Part way through my penultimate year at university, I suddenly realised I had no idea what I wanted to do with my life. I always assumed I would end up in research, if not that, then accounting or banking. But none of those things made me excited to leave the comfort of student life. It wasn’t until I learnt about the patent industry that I realised I could do something challenging with my degree that presented me with variety and intrigue in my every day work. There isn’t a week that goes by without intellectual property law making the headlines – whether it’s tech giants suing each other in billion dollar litigation cases or patents filed for world-changing technology like driverless cars and the Internet of Things. As a patent attorney you work at the cutting edge of innovation and that’s part of what makes it such an interesting job.
How did you get your job at Withers & Rogers?
I researched the IP market and short-listed the firms that I thought would provide a dynamic environment and one where I could get the training and support to progress and develop a strong career. I applied for graduate positions at each, including sending my CV and completing an application form for Withers & Rogers.
Withers & Rogers invited me to do online tests for the second stage of the application process. These were straight forward and it was fun to find out my results after the process was over. I was then invited into the office for the third and final stage.
The graduate assessment day involved an interview, a couple of written tests, delivering a presentation on a subject of my choice and participating in a debate. I can remember being very nervous at the start but everyone at W&R was so welcoming that I soon forgot I was being assessed.
The week after I found out that myself and one other applicant had been offered a job. I accepted right away as I knew W&R was somewhere I’d really enjoy starting my career as a patent attorney.
What are the most stressful parts of the job?
The most stressful thing has to be the deadlines.

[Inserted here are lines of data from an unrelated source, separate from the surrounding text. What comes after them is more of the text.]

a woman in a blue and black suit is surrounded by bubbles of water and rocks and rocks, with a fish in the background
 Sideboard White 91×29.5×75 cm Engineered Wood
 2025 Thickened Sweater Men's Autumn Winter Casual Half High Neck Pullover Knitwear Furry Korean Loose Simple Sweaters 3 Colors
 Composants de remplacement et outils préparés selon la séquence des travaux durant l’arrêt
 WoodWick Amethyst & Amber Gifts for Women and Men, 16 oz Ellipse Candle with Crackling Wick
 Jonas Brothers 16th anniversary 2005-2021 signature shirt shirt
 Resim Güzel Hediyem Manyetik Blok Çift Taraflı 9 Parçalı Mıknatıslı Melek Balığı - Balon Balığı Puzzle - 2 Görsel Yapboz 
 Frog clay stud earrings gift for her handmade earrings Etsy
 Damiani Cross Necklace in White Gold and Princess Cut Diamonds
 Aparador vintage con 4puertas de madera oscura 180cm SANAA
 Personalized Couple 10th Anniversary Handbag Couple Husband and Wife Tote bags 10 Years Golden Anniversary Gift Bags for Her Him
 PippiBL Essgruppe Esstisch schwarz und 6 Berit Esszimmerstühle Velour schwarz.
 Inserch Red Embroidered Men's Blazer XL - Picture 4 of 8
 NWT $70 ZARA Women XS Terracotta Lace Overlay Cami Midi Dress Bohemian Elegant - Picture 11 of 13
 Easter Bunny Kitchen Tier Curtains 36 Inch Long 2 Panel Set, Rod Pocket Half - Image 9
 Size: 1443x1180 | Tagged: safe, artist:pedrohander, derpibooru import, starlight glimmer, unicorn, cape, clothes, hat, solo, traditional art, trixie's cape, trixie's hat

Once in a while the stars will align and you find yourself with three bits of work, all from different people, and they all need to be done by the end of the day. The trick is not to panic, try and prioritise, and ask for help if you need it.
That said, most of the time I find myself dealing with cases that have deadlines weeks or months ahead and you have plenty of time to sit down and get to grips with them. Sometimes it’s nice just to read a case file from start to finish to really understand how the process works, and also to see all the different queries and issues that can crop up from case to case.
Do you have any advice for anyone wanting to get into the industry?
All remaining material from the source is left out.